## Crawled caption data

==*==

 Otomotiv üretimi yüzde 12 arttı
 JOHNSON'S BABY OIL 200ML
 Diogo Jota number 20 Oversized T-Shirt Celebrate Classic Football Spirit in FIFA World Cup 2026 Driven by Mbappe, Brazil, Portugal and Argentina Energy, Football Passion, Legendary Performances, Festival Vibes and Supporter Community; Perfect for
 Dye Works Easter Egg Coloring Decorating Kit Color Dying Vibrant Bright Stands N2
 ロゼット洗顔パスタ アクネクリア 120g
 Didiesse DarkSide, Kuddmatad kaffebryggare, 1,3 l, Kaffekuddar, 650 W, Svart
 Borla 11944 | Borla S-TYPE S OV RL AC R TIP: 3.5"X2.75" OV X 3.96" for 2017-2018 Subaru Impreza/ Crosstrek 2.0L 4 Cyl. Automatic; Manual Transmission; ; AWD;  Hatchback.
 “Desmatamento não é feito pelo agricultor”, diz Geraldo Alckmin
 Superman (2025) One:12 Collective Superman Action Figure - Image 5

==*==

## Task instructions
Print all of the entries exactly as they are written.

## Result
 Otomotiv üretimi yüzde 12 arttı
 JOHNSON'S BABY OIL 200ML
 Diogo Jota number 20 Oversized T-Shirt Celebrate Classic Football Spirit in FIFA World Cup 2026 Driven by Mbappe, Brazil, Portugal and Argentina Energy, Football Passion, Legendary Performances, Festival Vibes and Supporter Community; Perfect for
 Dye Works Easter Egg Coloring Decorating Kit Color Dying Vibrant Bright Stands N2
 ロゼット洗顔パスタ アクネクリア 120g
 Didiesse DarkSide, Kuddmatad kaffebryggare, 1,3 l, Kaffekuddar, 650 W, Svart
 Borla 11944 | Borla S-TYPE S OV RL AC R TIP: 3.5"X2.75" OV X 3.96" for 2017-2018 Subaru Impreza/ Crosstrek 2.0L 4 Cyl. Automatic; Manual Transmission; ; AWD;  Hatchback.
 “Desmatamento não é feito pelo agricultor”, diz Geraldo Alckmin
 Superman (2025) One:12 Collective Superman Action Figure - Image 5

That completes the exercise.